A middle-aged woman who had previously undergone successful open-heart surgery for replacement of an infected heart valve, and is on anticoagulant medication to prevent blood clots around her artificial valve, awakens one Sunday morning with a severe headache, the most severe headache she has ever had. Within a short period of time, she becomes lethargic and less responsive. Her family calls her cardiologist who suspects she has had a cerebral hemorrhage, bleeding into the brain.
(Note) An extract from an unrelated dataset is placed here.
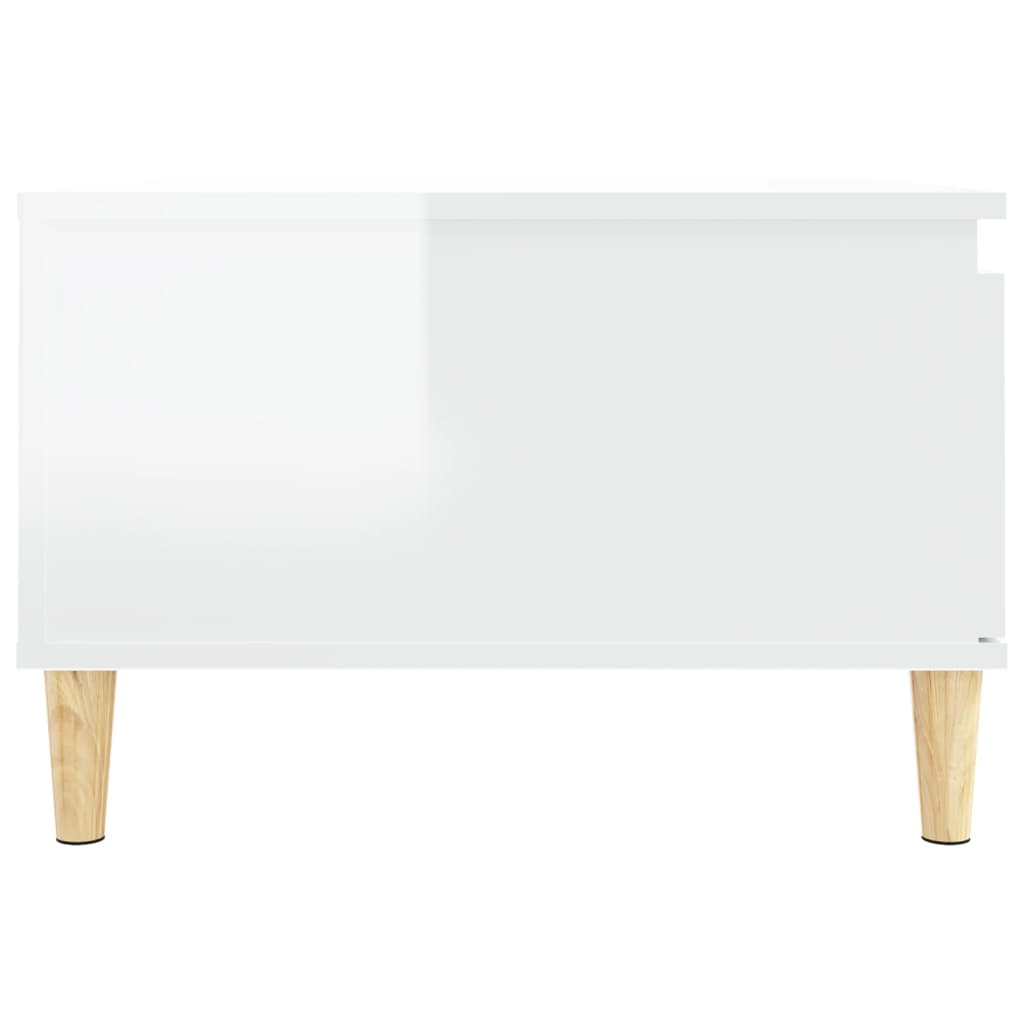 vidaXL Mesa de centro 55x55x36,5 cm derivados madeira branco brilhante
She is brought to the hospital by ambulance where the diagnosis is quickly confirmed. Her conditions steadily worsens and she lapses into a coma. A neurosurgeon, still in his Fellowship training, sees her and says that unless she has immediate brain surgery she will not survive. Fortunately, the Attending neurosurgeon on call is the Chief of the Neurosurgery Department, and the patient’s family is so informed and they agree to surgery; unfortunately, the surgeon cannot be reached. The doctor still in his training repeats that without immediate surgery the patient will die. A decision is made by the cardiologist and the young surgeon to proceed with the operation to be performed by the neurosurgical trainee; the family is not told of this arrangement. The surgery goes well. The patient survives. The family never learns that their loved one was saved by a doctor in training.

A retired anesthesiologist is in the operating room as a patient about to be operated on. The surgeon and operating nurses are at the operating table, and the anesthetist tells the patient he is about to be put to sleep. The patient refuses to go under and insists he must first tell a joke. The surgeon is annoyed at the delay, but the patient is adamant. He tells the joke and cracks up everybody in the OR. The surgery proceeds well but later, on awakening in the Recovery Room, the patient finds all of the operating room personnel and other staff surrounding his bed. Alarmed, he asks if there is a problem. The surgeon says, “No, we just want to hear more jokes.”
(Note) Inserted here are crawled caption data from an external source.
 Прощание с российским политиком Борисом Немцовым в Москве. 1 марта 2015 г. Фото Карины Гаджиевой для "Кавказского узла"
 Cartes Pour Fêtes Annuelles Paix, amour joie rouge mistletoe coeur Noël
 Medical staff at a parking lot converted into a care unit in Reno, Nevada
An elderly woman suffers from severe claudication, pain in the legs due to blockage of blood vessels that prevents her from walking. She requires surgery to bypass the obstructed arteries that are the cause of her distress. She fears the procedure, not because of the actual surgery but because of the necessary general anesthesia that will be administered. She knows that the drugs used can damage the brain in some cases, especially in older people, so she wants the shortest anesthesia time, which means the fastest surgery. She is told by her regular doctor that the surgeon he chose is the fastest and best surgeon for the procedure, so she agrees. She is on the operating table, having just been put to sleep by the anesthesiologist, when the surgeon, who hasn’t yet made an incision, collapses to the floor. Anesthesia is stopped, the surgeon is rushed to the Emergency Department, and the patient is returned to her room with nothing surgical having been done. She awakens quickly since anesthesia had been so brief and is amazed how quickly it went. She tells her regular doctor she is thrilled at his choice of surgeon. Then, realizing she has no incision or bandage, she extols the surgeon for his amazing prowess: incredible speed and no incisions. It takes repeated explanations to convince her that she did not have an operation. And it takes even more to convince her to do it all over again.  

My own experience as a surgical patient began when I was 13 years old. (I’m discounting ritual circumcision which, fortunately, I neither remember nor care to). I had an emergency appendectomy by a general surgeon in a small hospital. The post-operative period was painful for longer than I expected, and my scar was larger than any appendix scar I’ve ever seen. A year or so later, when I timidly asked the surgeon why my scar was so big and I still had twinges of pain in the region, he responded in his gruff voice, “I cut you wide, I cut you deep, but I cut you good!”

Bless the surgeons who help us. I always try to focus on the “good” part.